[Start of Attachment]

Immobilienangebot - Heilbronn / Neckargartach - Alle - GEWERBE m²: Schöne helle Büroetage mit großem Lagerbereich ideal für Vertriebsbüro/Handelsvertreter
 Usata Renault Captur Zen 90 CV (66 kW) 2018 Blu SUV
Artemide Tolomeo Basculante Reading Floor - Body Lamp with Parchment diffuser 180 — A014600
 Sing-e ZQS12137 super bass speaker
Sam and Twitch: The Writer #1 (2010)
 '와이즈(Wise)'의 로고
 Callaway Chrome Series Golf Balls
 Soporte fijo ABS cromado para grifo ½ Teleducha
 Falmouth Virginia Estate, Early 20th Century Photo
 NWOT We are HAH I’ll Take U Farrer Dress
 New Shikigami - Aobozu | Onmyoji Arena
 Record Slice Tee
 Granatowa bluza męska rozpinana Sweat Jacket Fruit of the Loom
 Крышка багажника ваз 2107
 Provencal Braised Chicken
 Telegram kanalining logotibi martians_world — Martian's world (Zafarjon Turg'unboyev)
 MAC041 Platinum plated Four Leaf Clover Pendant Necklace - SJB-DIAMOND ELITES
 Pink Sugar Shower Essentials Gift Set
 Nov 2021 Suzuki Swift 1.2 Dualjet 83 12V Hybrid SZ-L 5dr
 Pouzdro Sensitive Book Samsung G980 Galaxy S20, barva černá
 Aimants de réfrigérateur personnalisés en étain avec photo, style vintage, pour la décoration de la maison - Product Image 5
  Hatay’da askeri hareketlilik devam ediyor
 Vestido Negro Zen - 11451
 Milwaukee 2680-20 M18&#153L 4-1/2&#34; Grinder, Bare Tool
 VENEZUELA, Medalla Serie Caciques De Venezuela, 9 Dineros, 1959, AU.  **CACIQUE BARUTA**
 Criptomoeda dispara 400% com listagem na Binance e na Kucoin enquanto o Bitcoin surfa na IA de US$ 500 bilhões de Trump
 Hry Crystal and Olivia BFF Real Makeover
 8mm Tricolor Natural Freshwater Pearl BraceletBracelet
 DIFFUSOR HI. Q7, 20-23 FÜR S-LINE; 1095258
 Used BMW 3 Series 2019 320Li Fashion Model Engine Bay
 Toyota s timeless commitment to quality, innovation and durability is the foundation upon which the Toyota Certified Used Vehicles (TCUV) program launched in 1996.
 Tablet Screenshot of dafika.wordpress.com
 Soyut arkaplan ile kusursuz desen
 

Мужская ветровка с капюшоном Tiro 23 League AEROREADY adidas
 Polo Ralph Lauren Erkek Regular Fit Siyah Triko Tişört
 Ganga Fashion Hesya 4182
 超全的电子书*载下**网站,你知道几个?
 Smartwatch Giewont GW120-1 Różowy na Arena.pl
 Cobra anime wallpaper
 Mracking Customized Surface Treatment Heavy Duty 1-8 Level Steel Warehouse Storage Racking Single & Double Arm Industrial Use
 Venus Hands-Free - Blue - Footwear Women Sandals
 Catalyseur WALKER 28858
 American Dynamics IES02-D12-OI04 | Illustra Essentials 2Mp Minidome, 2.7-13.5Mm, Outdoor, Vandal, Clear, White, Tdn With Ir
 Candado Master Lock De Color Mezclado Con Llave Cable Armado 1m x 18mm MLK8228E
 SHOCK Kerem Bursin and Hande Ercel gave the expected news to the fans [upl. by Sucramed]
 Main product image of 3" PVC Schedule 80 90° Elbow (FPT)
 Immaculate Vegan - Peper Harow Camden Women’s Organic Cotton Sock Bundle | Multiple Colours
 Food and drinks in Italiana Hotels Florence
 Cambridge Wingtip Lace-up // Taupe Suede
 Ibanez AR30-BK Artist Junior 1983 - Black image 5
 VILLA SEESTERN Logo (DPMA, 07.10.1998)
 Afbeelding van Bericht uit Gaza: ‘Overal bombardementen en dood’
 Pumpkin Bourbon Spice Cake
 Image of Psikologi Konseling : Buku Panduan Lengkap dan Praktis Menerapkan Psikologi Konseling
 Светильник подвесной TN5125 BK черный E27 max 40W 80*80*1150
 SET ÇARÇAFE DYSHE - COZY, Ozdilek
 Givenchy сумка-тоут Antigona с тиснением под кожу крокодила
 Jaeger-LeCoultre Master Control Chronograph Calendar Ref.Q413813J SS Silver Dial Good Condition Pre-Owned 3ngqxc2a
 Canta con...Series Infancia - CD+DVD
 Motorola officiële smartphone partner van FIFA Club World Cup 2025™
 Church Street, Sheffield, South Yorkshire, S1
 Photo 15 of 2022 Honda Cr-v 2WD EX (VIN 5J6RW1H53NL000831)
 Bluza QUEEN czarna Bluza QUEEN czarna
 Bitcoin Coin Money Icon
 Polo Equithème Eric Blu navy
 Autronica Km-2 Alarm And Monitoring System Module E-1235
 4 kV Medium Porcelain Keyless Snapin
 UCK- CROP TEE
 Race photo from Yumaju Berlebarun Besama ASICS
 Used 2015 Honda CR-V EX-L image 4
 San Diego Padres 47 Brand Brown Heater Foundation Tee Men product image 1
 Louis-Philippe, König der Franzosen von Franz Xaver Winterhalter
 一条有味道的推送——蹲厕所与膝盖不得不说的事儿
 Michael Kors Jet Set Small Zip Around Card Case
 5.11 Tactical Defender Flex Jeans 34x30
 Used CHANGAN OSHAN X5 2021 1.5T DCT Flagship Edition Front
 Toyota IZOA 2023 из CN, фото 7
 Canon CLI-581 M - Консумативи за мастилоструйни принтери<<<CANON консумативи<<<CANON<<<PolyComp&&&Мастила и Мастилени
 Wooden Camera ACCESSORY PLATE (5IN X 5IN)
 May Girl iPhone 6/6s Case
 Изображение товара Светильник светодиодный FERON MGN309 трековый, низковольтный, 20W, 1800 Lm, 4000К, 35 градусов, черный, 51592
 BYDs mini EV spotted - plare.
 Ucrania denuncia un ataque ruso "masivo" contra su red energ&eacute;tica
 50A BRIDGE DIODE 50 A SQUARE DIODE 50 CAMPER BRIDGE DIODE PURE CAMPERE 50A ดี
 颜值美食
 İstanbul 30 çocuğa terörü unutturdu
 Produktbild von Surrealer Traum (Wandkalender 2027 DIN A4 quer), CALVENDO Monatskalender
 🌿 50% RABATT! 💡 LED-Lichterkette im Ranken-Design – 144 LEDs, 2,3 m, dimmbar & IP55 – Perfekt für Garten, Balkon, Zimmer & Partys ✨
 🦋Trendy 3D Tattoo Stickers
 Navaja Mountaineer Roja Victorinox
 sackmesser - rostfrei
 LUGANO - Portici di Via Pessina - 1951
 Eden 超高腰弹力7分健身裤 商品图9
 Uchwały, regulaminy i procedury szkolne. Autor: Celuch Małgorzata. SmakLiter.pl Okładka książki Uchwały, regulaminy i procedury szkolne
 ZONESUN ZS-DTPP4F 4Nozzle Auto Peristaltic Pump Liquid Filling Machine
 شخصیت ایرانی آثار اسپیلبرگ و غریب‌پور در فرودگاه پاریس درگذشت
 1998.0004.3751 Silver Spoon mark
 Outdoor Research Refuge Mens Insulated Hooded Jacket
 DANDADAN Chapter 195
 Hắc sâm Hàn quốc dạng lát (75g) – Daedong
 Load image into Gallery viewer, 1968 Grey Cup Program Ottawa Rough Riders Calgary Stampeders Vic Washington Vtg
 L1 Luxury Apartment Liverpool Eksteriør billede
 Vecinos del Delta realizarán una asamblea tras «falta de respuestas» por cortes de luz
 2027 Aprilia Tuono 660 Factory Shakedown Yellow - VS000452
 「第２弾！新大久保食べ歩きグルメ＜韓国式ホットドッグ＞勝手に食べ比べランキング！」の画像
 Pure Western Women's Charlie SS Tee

[End of Attachment]

■ **What to produce**
Nothing but the lines from the start of the data through the line holding "Toyota s timeless" should be restated, and each one exactly.

■ **Task solution**
Immobilienangebot - Heilbronn / Neckargartach - Alle - GEWERBE m²: Schöne helle Büroetage mit großem Lagerbereich ideal für Vertriebsbüro/Handelsvertreter
 Usata Renault Captur Zen 90 CV (66 kW) 2018 Blu SUV
Artemide Tolomeo Basculante Reading Floor - Body Lamp with Parchment diffuser 180 — A014600
 Sing-e ZQS12137 super bass speaker
Sam and Twitch: The Writer #1 (2010)
 '와이즈(Wise)'의 로고
 Callaway Chrome Series Golf Balls
 Soporte fijo ABS cromado para grifo ½ Teleducha
 Falmouth Virginia Estate, Early 20th Century Photo
 NWOT We are HAH I’ll Take U Farrer Dress
 New Shikigami - Aobozu | Onmyoji Arena
 Record Slice Tee
 Granatowa bluza męska rozpinana Sweat Jacket Fruit of the Loom
 Крышка багажника ваз 2107
 Provencal Braised Chicken
 Telegram kanalining logotibi martians_world — Martian's world (Zafarjon Turg'unboyev)
 MAC041 Platinum plated Four Leaf Clover Pendant Necklace - SJB-DIAMOND ELITES
 Pink Sugar Shower Essentials Gift Set
 Nov 2021 Suzuki Swift 1.2 Dualjet 83 12V Hybrid SZ-L 5dr
 Pouzdro Sensitive Book Samsung G980 Galaxy S20, barva černá
 Aimants de réfrigérateur personnalisés en étain avec photo, style vintage, pour la décoration de la maison - Product Image 5
  Hatay’da askeri hareketlilik devam ediyor
 Vestido Negro Zen - 11451
 Milwaukee 2680-20 M18&#153L 4-1/2&#34; Grinder, Bare Tool
 VENEZUELA, Medalla Serie Caciques De Venezuela, 9 Dineros, 1959, AU.  **CACIQUE BARUTA**
 Criptomoeda dispara 400% com listagem na Binance e na Kucoin enquanto o Bitcoin surfa na IA de US$ 500 bilhões de Trump
 Hry Crystal and Olivia BFF Real Makeover
 8mm Tricolor Natural Freshwater Pearl BraceletBracelet
 DIFFUSOR HI. Q7, 20-23 FÜR S-LINE; 1095258
 Used BMW 3 Series 2019 320Li Fashion Model Engine Bay
 Toyota s timeless commitment to quality, innovation and durability is the foundation upon which the Toyota Certified Used Vehicles (TCUV) program launched in 1996.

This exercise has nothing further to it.